Analysis of the Optimization Principle of SQL Index Condition Pushdown

Analysis of the Optimization Principle of SQL Index Condition Pushdown

1. Problem Background: Limitations of Composite Index Queries

Assume there is a user table users with the following fields:

CREATE TABLE users (
    id INT PRIMARY KEY,
    name VARCHAR(50),
    age INT,
    city VARCHAR(50),
    KEY idx_age_city (age, city)
);

Query Requirement: Find users older than 20 whose city starts with "Beijing":

SELECT * FROM users WHERE age > 20 AND city LIKE 'Beijing%';

Execution Process Without Using Index Condition Pushdown:

  1. Index Scan: Locate all records with age > 20 along the composite index idx_age_city (the index can quickly locate the age range).
  2. Row Retrieval (Back to Table): For each qualifying index record, immediately access the primary key index (clustered index) to read the full data row.
  3. City Filtering: Apply the city LIKE 'Beijing%' condition to filter the read data rows at the server layer.
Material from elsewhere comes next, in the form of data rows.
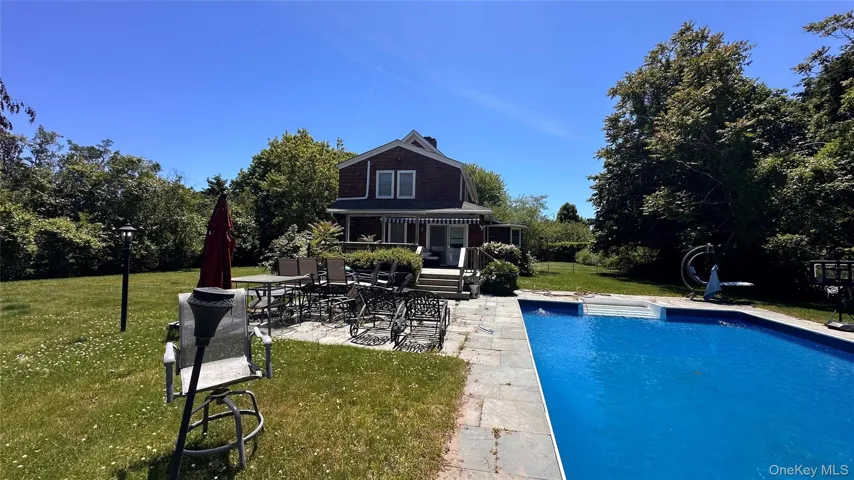 10 Kerrie Court, Southampton, New York 11968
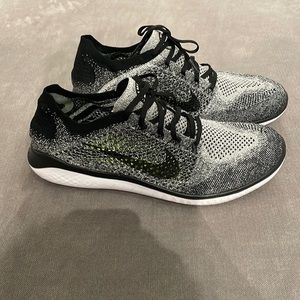 Men’s Nike Free Run sneakers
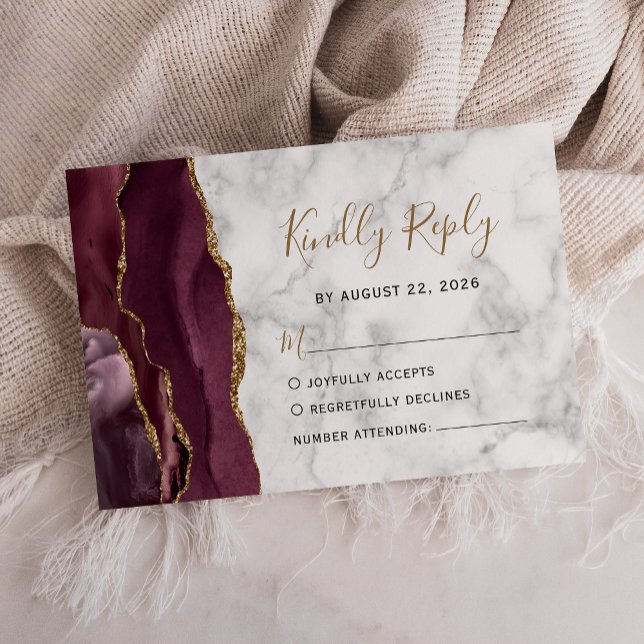 Moderne Burgundy Gold Agate Marble Wedding RSVP Karte (Von Creator hochgeladen)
Drawback: Even if some records are ultimately filtered out because they do not meet the city condition, unnecessary row retrieval operations are still triggered, causing unnecessary disk I/O.


2. Core Idea of Index Condition Pushdown

Index Condition Pushdown (ICP) pushes the filtering conditions, which would originally be processed at the server layer, down to the storage engine layer for execution:

  • The storage engine directly applies the city LIKE 'Beijing%' condition for filtering during the index scan phase.
  • Row retrieval is performed only for index records that satisfy both age > 20 and city LIKE 'Beijing%'.

3. Workflow of Index Condition Pushdown (Taking MySQL's InnoDB as an Example)

Execution Steps After Enabling ICP:

  1. Index Scan: The storage engine locates the first record with age > 20 from the idx_age_city index.
  2. Pushed-Down Condition Filtering: Check if the index record satisfies city LIKE 'Beijing%':
    • If it does, perform row retrieval, read the full data row, and return it to the server layer.
    • If it does not, skip this index record directly and continue scanning the next one.
  3. Server Layer Filtering: The server layer performs final validation on the returned data rows (e.g., validating other non-index conditions).

Comparison of Effects:

  • Without ICP: Number of row retrievals = Number of all records with age > 20.
  • With ICP: Number of row retrievals = Number of records satisfying both age > 20 and city LIKE 'Beijing%'.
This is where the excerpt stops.